I'm now at Shinjuku railway station in Tokyo. It's a nightmare. I'm standing in front of ticket machines -- the instructions are all in Chinese writing so I haven't a clue what they say or how to get my ticket, and even if I'd got it I wouldn't know what to do because there are 18 platforms here, 9 or 10 railway lines plus four or five subway lines. Which is which, how you're supposed to get from A to B I haven't a clue. I'm utterly bewildered but I've got to suss this out because it's so horrendously expensive using taxis here.

Fortunately an American ex-pat rescues me and explains the system. Before long I'm jumping on and off trains and subways like a veteran. I even start to chuckle smugly at the train driver who sounds like Popeye.

Unfortunately hour later I realize what he was actually saying was that the train was being turned round -- one station short of my stop. By the time this dawns on me we're back to where we started and my cockiness is dealt a mortal blow.

Transport is only the start of your problems here. You've also got to eat and drink. The traditional Japanese drink is rice wine -- sake. In Japan etiquette is essential. It's impossible to master, but important to try. So I found an expert to teach me the art of drinking, Japanese style. It was just as well. I'd never have guessed you needed a wooden box and a bag of salt.

Expert: "Sake is poured in a square wooden box and you enjoy the flavor of the wood and the sake. Sometime put a small pinch of salt on the corner and it makes it all the better. Let's have a go -- is this enough salt? More? Mmm...it's very nice actually, don't know how to describe the flavor though, salty!"

You can drink sake hot or cold. And a useful bit of Japanese to go with it is kahmpai - cheers! You don't have to stay long in Japan to find a favorite bar and your own Mama-san. She's the woman in charge. She greets you like the prodigal son when you enter. Her customers are her boys and she loves you all -- as long as you're drinking and paying.

You can eat in many pubs but it's cheaper to visit the little food bars where they specialize in traditional dishes like tempura, sushi and noodles. Strolling through the night markets on your way to one is great fun. At this market they're selling everything from dried food and fresh fish to knitted jumpers. Everyone's shouting and haggling. It's a wonderful atmosphere and a great smell -- all that raw fish right next to the clothing stalls.

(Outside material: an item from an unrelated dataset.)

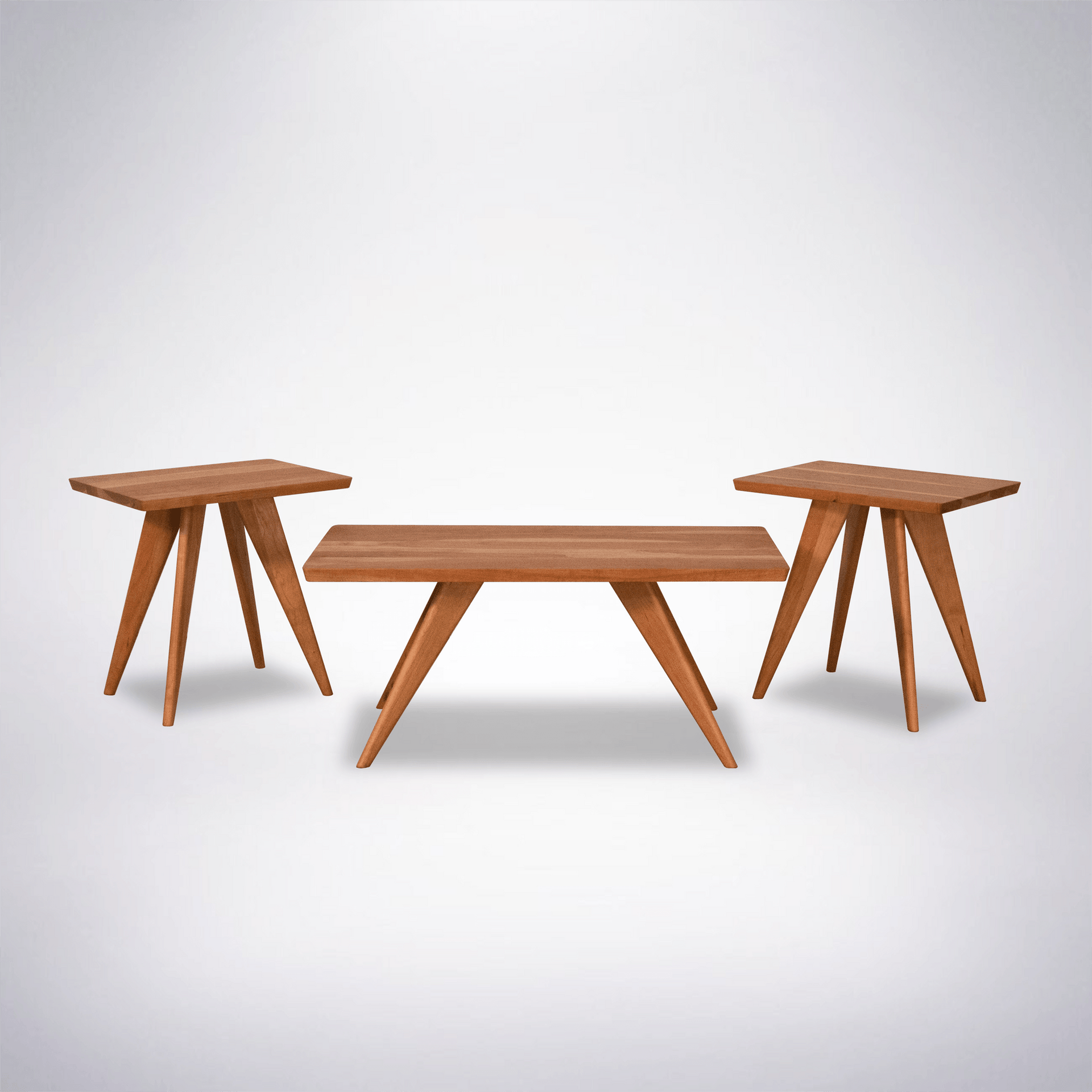 40 x 20 coffee table shown with essentials side tables in cherry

At the cheap food bars the staff rarely speak English and the menus are mostly in kanji -- the traditional Chinese style of writing -- so eating becomes a real adventure.

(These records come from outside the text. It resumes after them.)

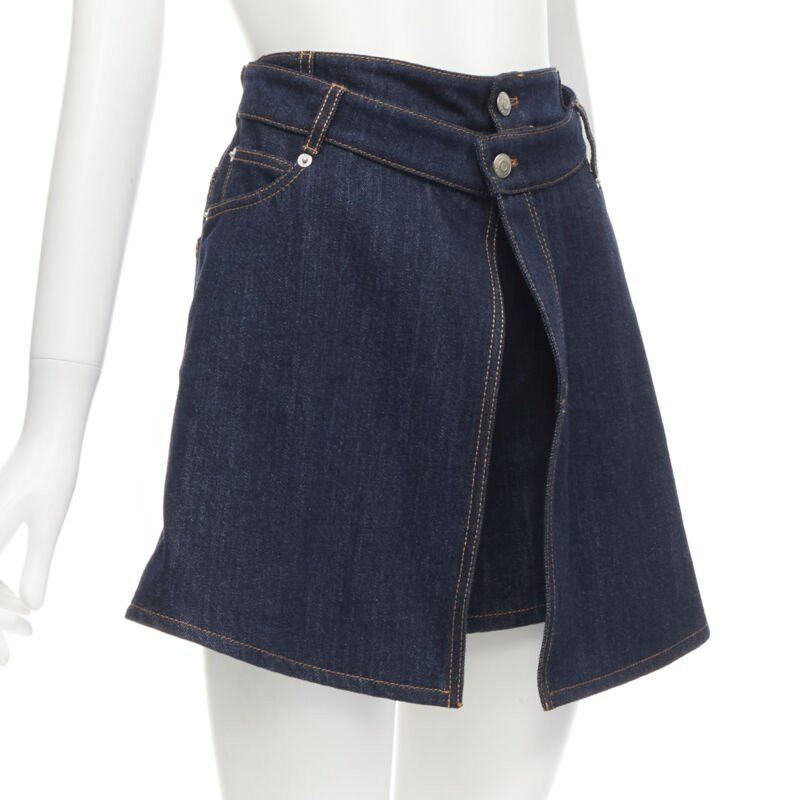Alexander McQueen ALEXANDER MCQUEEN blue denim double waistband logo patch layered shorts 24" Size 27" / US 4 / IT 40 - 3 Thumbnail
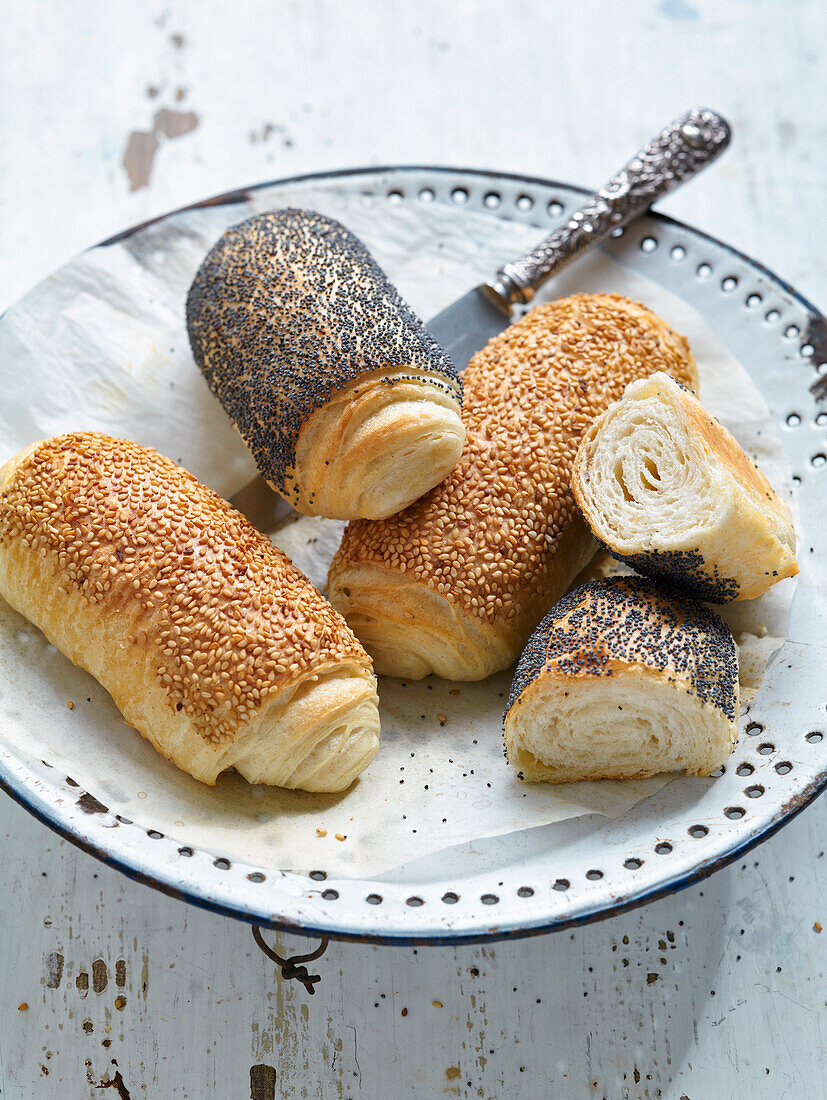 Danish rolls with sesame and poppy seeds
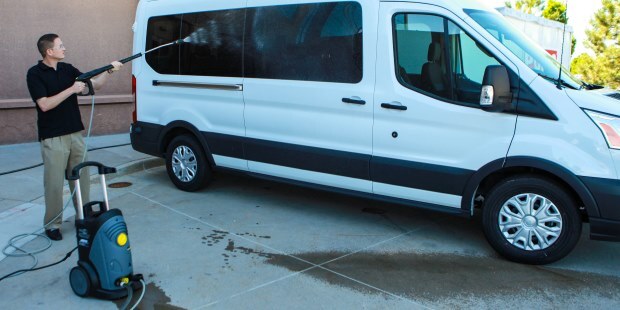 Power wash your hotel transport van with a Karcher pressure washer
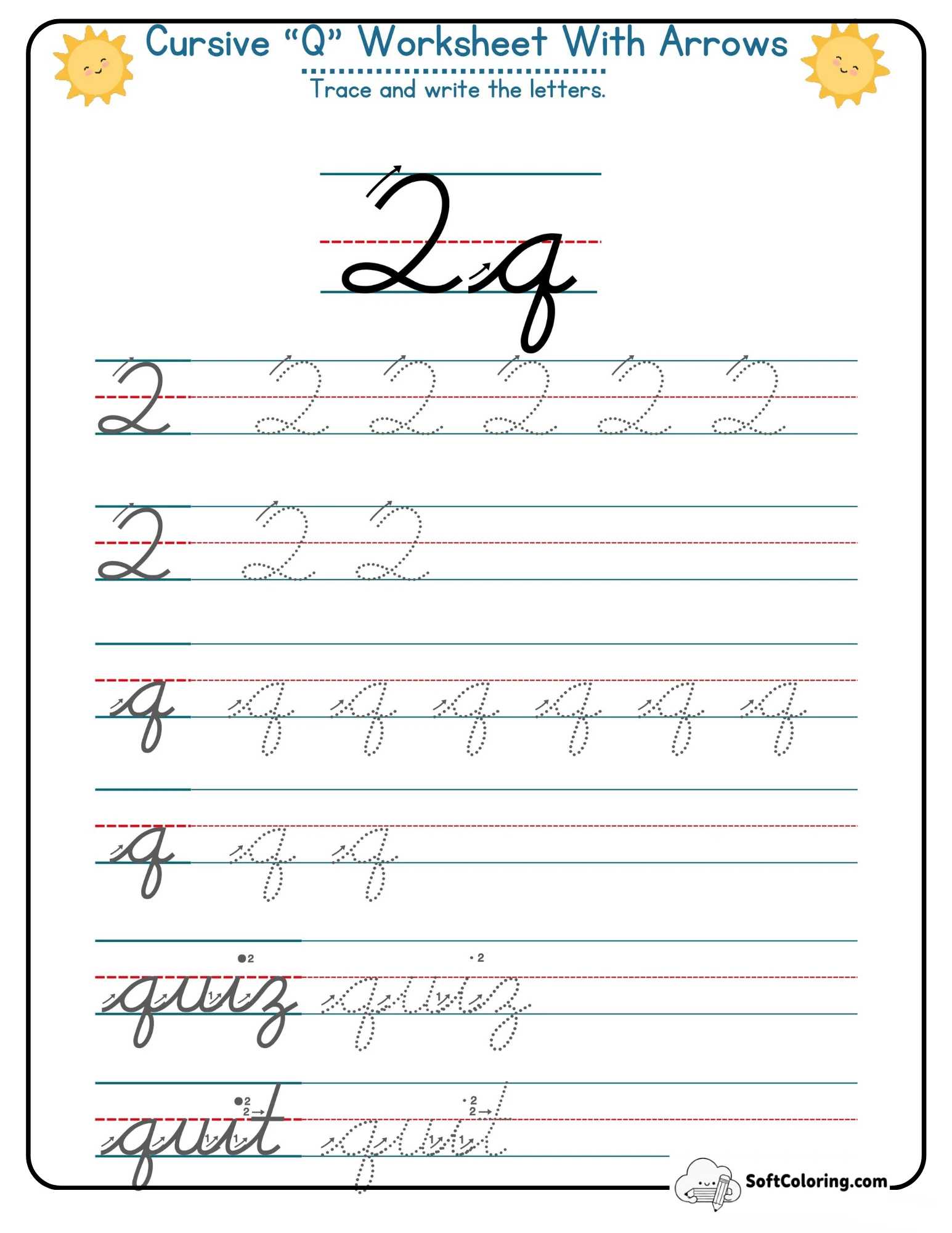 Cursive Q Worksheet With Arrows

I've come into this noodle bar I've ordered something based on price -- oishi des ne.

The highlight of this trip is a visit to the home of the Iritani family. I've been invited for Sunday lunch. The Japanese can be extremely hospitable -- though I suspect I'm also here to give some informal English coaching to Mr. and Mrs. Iritani's two daughters. First though, lunch.

On the table is a sort of electric griddle and around it bowls of vegetables and fish. You fill a little dish with your selection and some batter mix and then cook it on the hot plate. It's a cross between an omelette and a pancake. It's lovely and filling. But suddenly I discover the grandparents fiendishly mixing their own concoctions competing to make the best okonomyaki, as it's called. It seems I'm to be the judge. They're piling in the shellfish, which I'm allergic to, and concentrating so hard they fail to hear me choking in horror. Four platefuls later my lips are fat and swollen, and I'm full to busting and then Mrs. Iritani comes in beaming - with the main course.

After lunch 17-year-old Mao Iritani takes a rare 10-minute break from her studies to play the piano.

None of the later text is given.